Your instructions: In the data below, find the line with "上海中心：国内首个AI沉浸式体验项目投入运营" and the line with "Подарочный набор мужчине", then restate both and every line between them exactly, minus the pictures.

Information given:
BEGIN

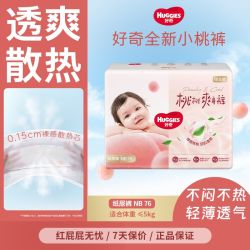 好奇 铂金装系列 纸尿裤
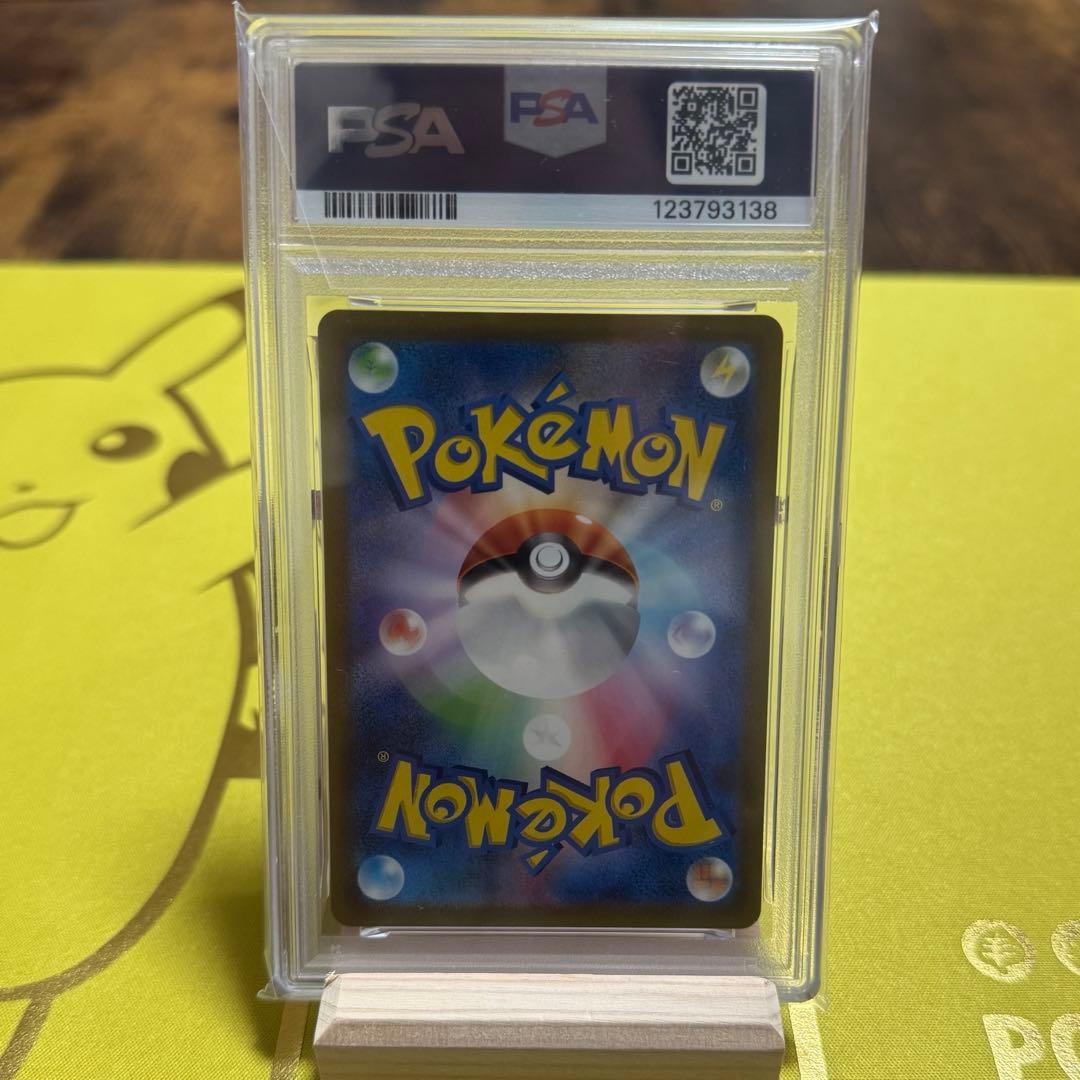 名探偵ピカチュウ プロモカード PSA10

END
BEGIN

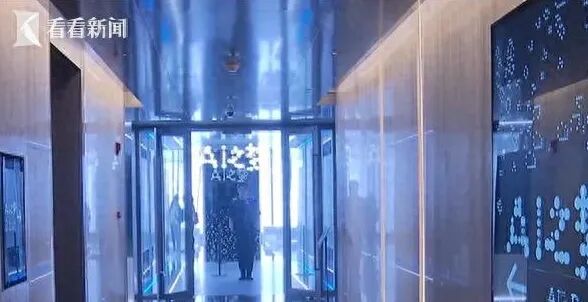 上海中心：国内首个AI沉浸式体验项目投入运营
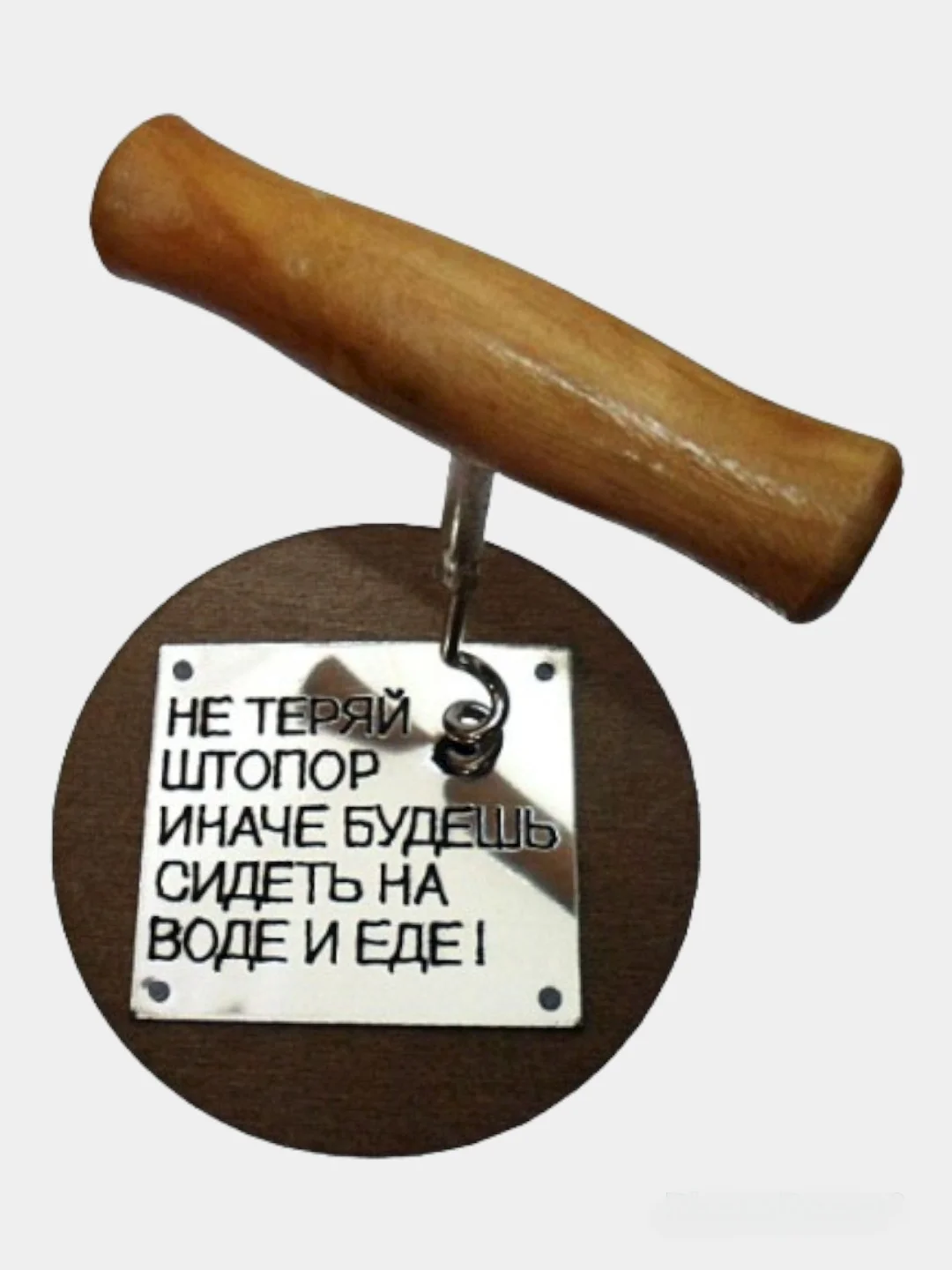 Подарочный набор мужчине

END

Written answer:
 上海中心：国内首个AI沉浸式体验项目投入运营
 Подарочный набор мужчине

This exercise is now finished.